Massive Cloudflare Outage Caused by Network Configuration Error
Cloudflare says a massive outage that affected more than a dozen of its data centers and hundreds of major online platforms and services today was caused by a change that should have increased network resilience.
“Today, June 21, 2022, Cloudflare suffered an outage that affected traffic in 19 of our data centers,” Cloudflare said after investigating the incident.
“Unfortunately, these 19 locations handle a significant proportion of our global traffic. This outage was caused by a change that was part of a long-running project to increase resilience in our busiest locations.”
According to user reports, the full list of affected websites and services includes, but it’s not limited to, Amazon, Twitch, Amazon Web Services, Steam, Coinbase, Telegram, Discord, DoorDash, Gitlab, and more.

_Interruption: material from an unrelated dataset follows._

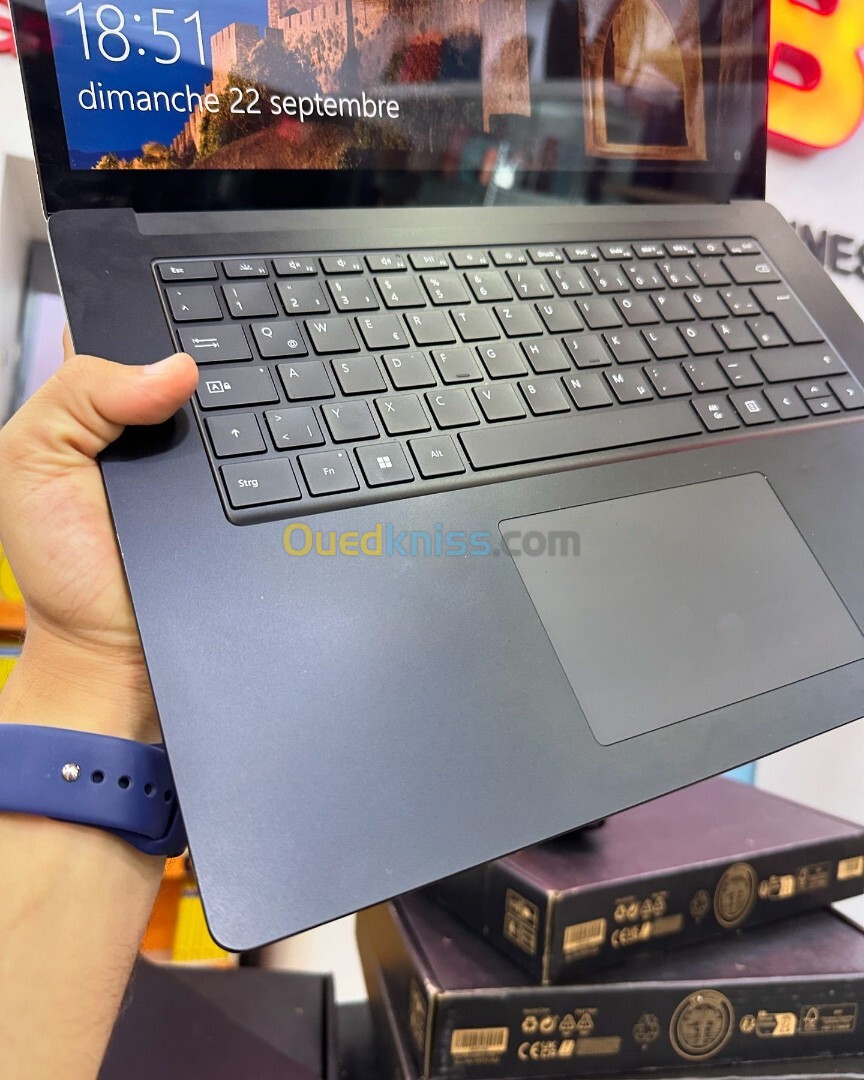 MICROSOFT SURFACE LAPTOP 4 Intel Core i7-1185G7 12 Mo, jusqu à 4,80 GHz, 32GB 1TB SSD  15 TACTILE 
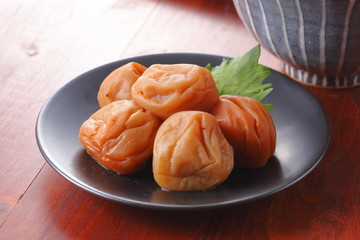 梅干し　Pickled plums  umeboshi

Outage affected Cloudflare’s busiest locations
The company began investigating this incident at approximately 06:34 AM UTC after reports of connectivity to Cloudflare’s network being disrupted began coming in from customers and users worldwide.
“Customers attempting to reach Cloudflare sites in impacted regions will observe 500 errors. The incident impacts all data plane services in our network,” Cloudflare said.
While there are no details regarding what caused the outage in the incident report published on Cloudflare’s system status website, the company shared more info on the June 21 outage on the official blog.
“This outage was caused by a change that was part of a long-running project to increase resilience in our busiest locations,” the Cloudflare team added.
“A change to the network configuration in those locations caused an outage which started at 06:27 UTC. At 06:58 UTC the first data center was brought back online and by 07:42 UTC all data centers were online and working correctly.
“Depending on your location in the world you may have been unable to access websites and services that rely on Cloudflare. In other locations, Cloudflare continued to operate normally.”
Although the affected locations represent only 4% of Cloudflare’s entire network, their outage impacted roughly 50% of all HTTP requests handled by Cloudflare globally.
The change that led to today’s outage was part of a larger project that would convert data centers in Cloudlfare’s busiest locations to more resilient and flexible architecture, known internally as Multi-Colo PoP (MCP).
The list of affected data centers in today’s incident includes Amsterdam, Atlanta, Ashburn, Chicago, Frankfurt, London, Los Angeles, Madrid, Manchester, Miami, Milan, Mumbai, Newark, Osaka, São Paulo, San Jose, Singapore, Sydney, and Tokyo.
3:56 UTC: We deploy the change to our first location. None of our locations are impacted by the change, as these are using our older architecture.
06:17: The change is deployed to our busiest locations, but not the locations with the MCP architecture.
06:27: The rollout reached the MCP-enabled locations, and the change is deployed to our spines. This is when the incident started, as this swiftly took these 19 locations offline.
06:32: Internal Cloudflare incident declared.
06:51: First change made on a router to verify the root cause.
06:58: Root cause found and understood. Work begins to revert the problematic change.
07:42: The last of the reverts has been completed. This was delayed as network engineers walked over each other’s changes, reverting the previous reverts, causing the problem to re-appear sporadically.